I am given a matrix $A=\begin{bmatrix}1&2&0\\0&1&2\\0&0&1\end{bmatrix}$. I am asked to compute $A^tA=\begin{bmatrix}1&2&0\\2&5&2\\0&2&5\end{bmatrix}$
and then to prove that the eigenvalues of $A^tA$ are all in $]0,8[$. I have no idea how to prove this. I think it has something to do with matrix norms ?
I don't know whether the previous questions are relevant here, but I was asked to compute
$e^{tA}=\begin{bmatrix}e^t&2te^t&2t^2e^t\\0&e^t&2te^t\\0&0&e^t\end{bmatrix}$ and $A^{-1}=\begin{bmatrix}1&-2&4\\0&1&-2\\0&0&1\end{bmatrix}$.

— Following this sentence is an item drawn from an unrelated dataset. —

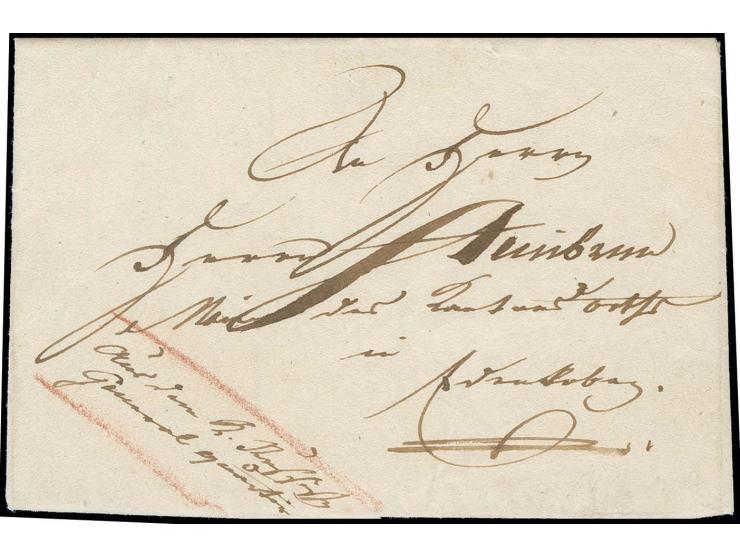 1814, "Walsheim 21.2", eigenhändig von General Rdanijski geschriebener, kpl. Faltbrief mit kpl. Text und Datierung sowie hand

If $A^TAx = \lambda x$, then $x^TA^TAx = \lambda x^Tx$, so $\lambda ||x||^2 = ||Ax||^2$, where $||y|| = \sqrt{\sum y_i^2}$ is the norm of the vector $y$. It follows that $\lambda > 0$, since $A$ is invertible, so $||Ax|| \neq 0$ for $x \neq 0$.
To see that $\lambda < 8$, we need to show that for all $x$, we have $||Ax||^2 < 8 ||x||^2$. For this, note that $x = (a,b,c) \implies Ax = (a+2b,b+2c,c)$, in which case $$||Ax||^2 = a^2 + 4b^2 + 4ab + b^2 + 4c^2 + 4bc + c^2 = a^2 + 5b^2 + 5c^2 + 4ab+4bc$$
Take the difference $8||x||^2 - ||Ax||^2$, it is equal to $7a^2+3b^2+3c^2 -4ab-4bc$. Can we prove this is greater than zero for all $(a,b,c)$ non-zero?
Well, we can, by combining the $ab$ and $bc$ nicely into squares.Like this: $$ (2b^2 -4bc+2c^2) + (4a^2 - 4ab+b^2) + c^2 + 3a^2 = 2(b-c)^2 + (2a-b)^2 + c^2 + 3a^2 $$
which is a positive linear combination of squares. Note that if the RHS equals zero, this forces $c=a=0$ and $b-c = 0$ so $b = 0$. In other words, if $(a,b,c) \neq (0,0,0)$ then the difference is positive, giving $\lambda < 8$.